> _Required work_
Print the lines below from the line with "Now that we've" to the line with "We process them" exactly, keeping both ends, and print no pictures.

++++ Data for this task ++++

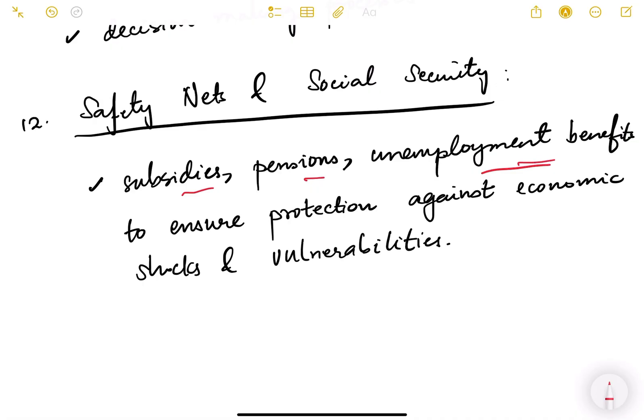Finally, safety nets and social security — subsidies, pensions, and unemployment benefits — help protect people against economic shocks and vulnerabilities. Providing these ensures social security through which people can rise and human capital can be developed. This was an introductory video on inclusive growth; we will look at it in much greater depth in the following videos.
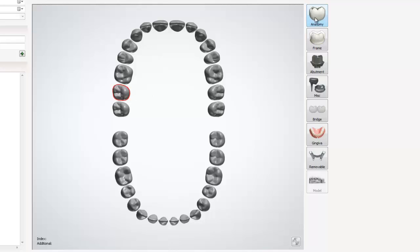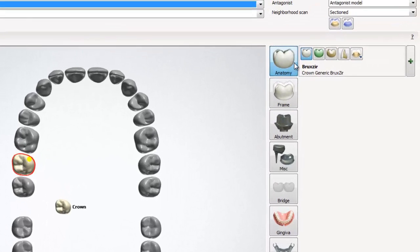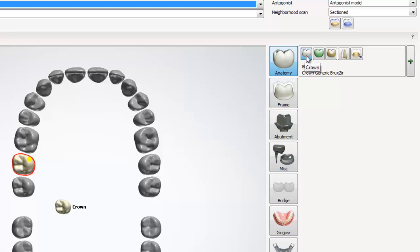Now that we've chosen a tooth, we can tell 3Shape what material and type of restoration we are going to produce. For starters, let's take a look at the anatomy option. To do this, we go to the right hand side of the screen and left click on the anatomy button. This will bring up a submenu within anatomy. Now that we have the submenu open, we can see the other options we have within anatomy. The default option is crown.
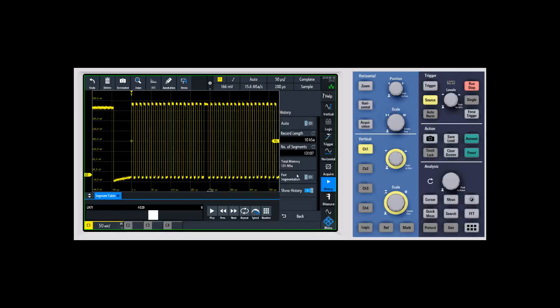We process them and then plot them to the display. If you need a really fast rearm time into the millions of waveforms per second, you can use fast segmentation. Fast segmentation will ignore displaying the waveforms to the display and will rearm as quickly as possible.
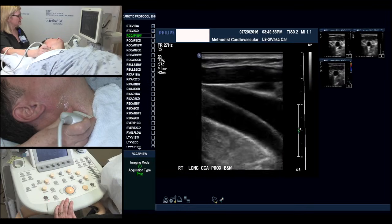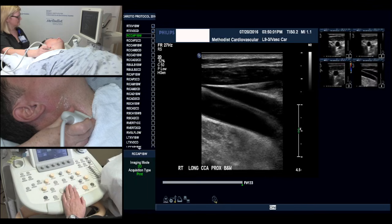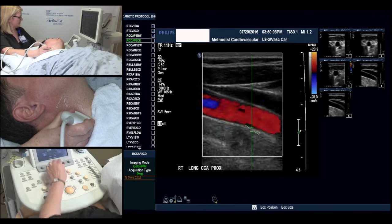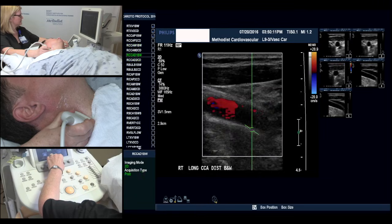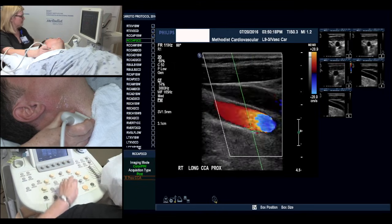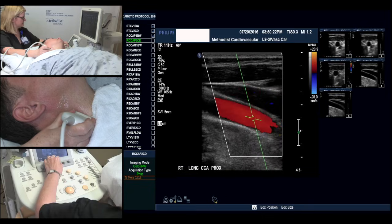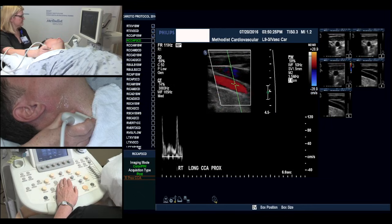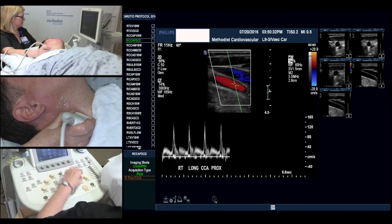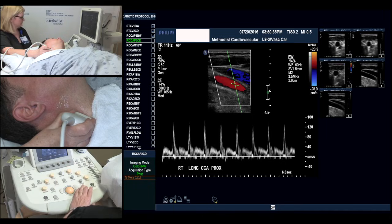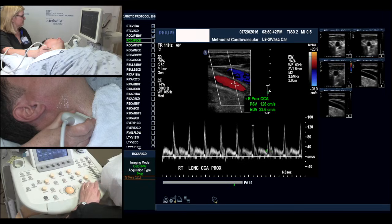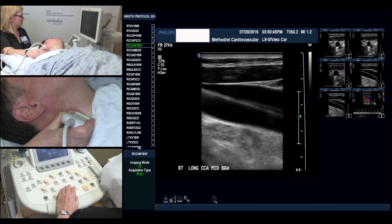We'll now go to a longitudinal approach in black and white. And now we'll go to our color. We'll measure for Doppler, steering our color box for proper angling and obtaining our Doppler signal. From here we'll measure our peak systolic velocity and end diastolic velocity, and enter it into our protocol package.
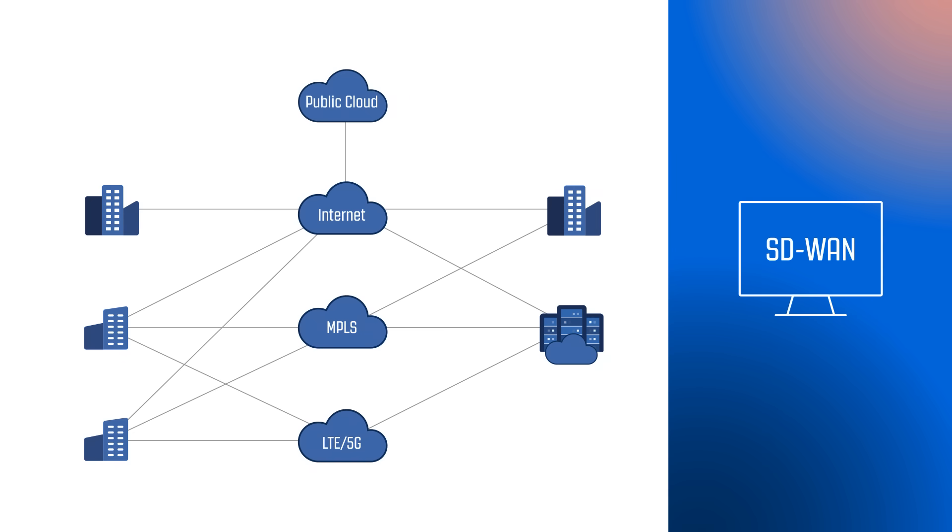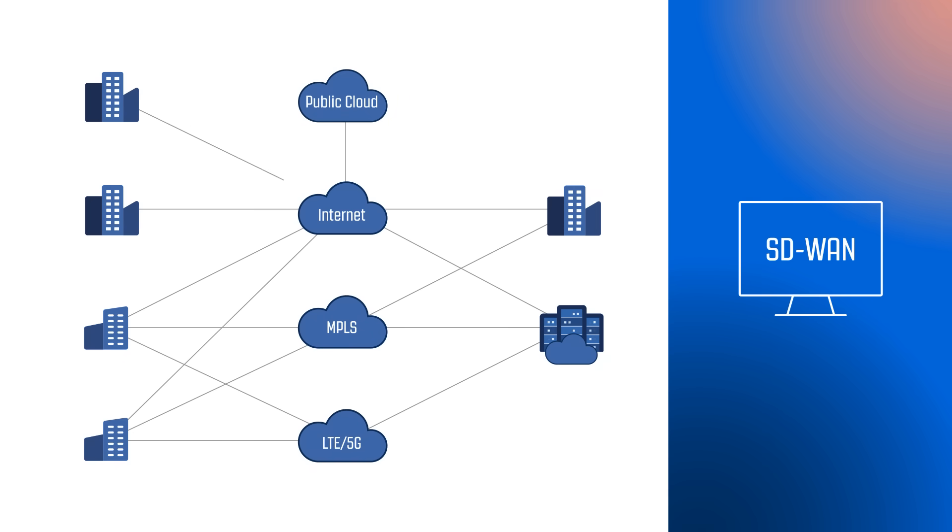SD-WAN is flexible and quick to deploy. It seamlessly connects your remote offices, providing consistent and secure performance, and it can be easily scaled as your company grows.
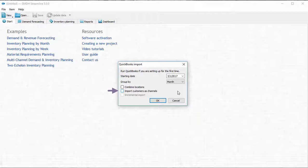Import customers as channels allows you to see and plan your demand by customer in addition to the item and location dimensions.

++++

> _Solution_
Now that we've chosen a tooth, we can tell 3Shape what material and type of restoration we are going to produce. For starters, let's take a look at the anatomy option. To do this, we go to the right hand side of the screen and left click on the anatomy button. This will bring up a submenu within anatomy. Now that we have the submenu open, we can see the other options we have within anatomy. The default option is crown.
We process them and then plot them to the display. If you need a really fast rearm time into the millions of waveforms per second, you can use fast segmentation. Fast segmentation will ignore displaying the waveforms to the display and will rearm as quickly as possible.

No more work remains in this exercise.